Please reproduce the line containing "Farhan Akhtar tweets about Petrol price hike Farhan" and every line after it in the records below, exactly and with nothing else.

Short text fragments from websites
::::::::

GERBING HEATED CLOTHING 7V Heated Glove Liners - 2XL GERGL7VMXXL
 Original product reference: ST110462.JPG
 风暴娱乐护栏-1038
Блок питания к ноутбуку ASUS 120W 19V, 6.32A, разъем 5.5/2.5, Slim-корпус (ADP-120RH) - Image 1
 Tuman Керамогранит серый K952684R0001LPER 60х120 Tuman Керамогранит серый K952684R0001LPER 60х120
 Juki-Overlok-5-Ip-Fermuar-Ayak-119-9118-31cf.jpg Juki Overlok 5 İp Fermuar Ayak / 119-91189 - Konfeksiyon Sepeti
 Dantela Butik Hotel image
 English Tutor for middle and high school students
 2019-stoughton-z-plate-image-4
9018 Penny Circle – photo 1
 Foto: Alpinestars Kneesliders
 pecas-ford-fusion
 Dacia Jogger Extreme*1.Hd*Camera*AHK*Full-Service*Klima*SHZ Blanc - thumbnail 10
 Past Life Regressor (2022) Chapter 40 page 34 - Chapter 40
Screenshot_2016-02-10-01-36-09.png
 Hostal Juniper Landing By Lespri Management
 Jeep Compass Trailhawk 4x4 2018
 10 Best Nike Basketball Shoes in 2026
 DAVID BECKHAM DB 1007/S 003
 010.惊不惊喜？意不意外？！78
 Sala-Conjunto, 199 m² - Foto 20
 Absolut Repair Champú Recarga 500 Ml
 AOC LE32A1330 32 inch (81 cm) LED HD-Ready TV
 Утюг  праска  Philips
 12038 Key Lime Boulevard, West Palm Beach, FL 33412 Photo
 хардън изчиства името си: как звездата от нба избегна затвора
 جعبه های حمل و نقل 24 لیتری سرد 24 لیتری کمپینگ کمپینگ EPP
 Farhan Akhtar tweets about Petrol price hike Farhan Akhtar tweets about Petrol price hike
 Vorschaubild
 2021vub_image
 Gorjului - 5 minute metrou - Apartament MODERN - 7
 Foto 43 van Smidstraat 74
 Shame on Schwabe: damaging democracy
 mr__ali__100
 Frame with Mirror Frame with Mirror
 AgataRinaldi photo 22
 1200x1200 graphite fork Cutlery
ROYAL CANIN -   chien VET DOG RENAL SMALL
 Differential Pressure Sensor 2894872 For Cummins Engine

::::::::

Answer for this exercise
 Farhan Akhtar tweets about Petrol price hike Farhan Akhtar tweets about Petrol price hike
 Vorschaubild
 2021vub_image
 Gorjului - 5 minute metrou - Apartament MODERN - 7
 Foto 43 van Smidstraat 74
 Shame on Schwabe: damaging democracy
 mr__ali__100
 Frame with Mirror Frame with Mirror
 AgataRinaldi photo 22
 1200x1200 graphite fork Cutlery
ROYAL CANIN -   chien VET DOG RENAL SMALL
 Differential Pressure Sensor 2894872 For Cummins Engine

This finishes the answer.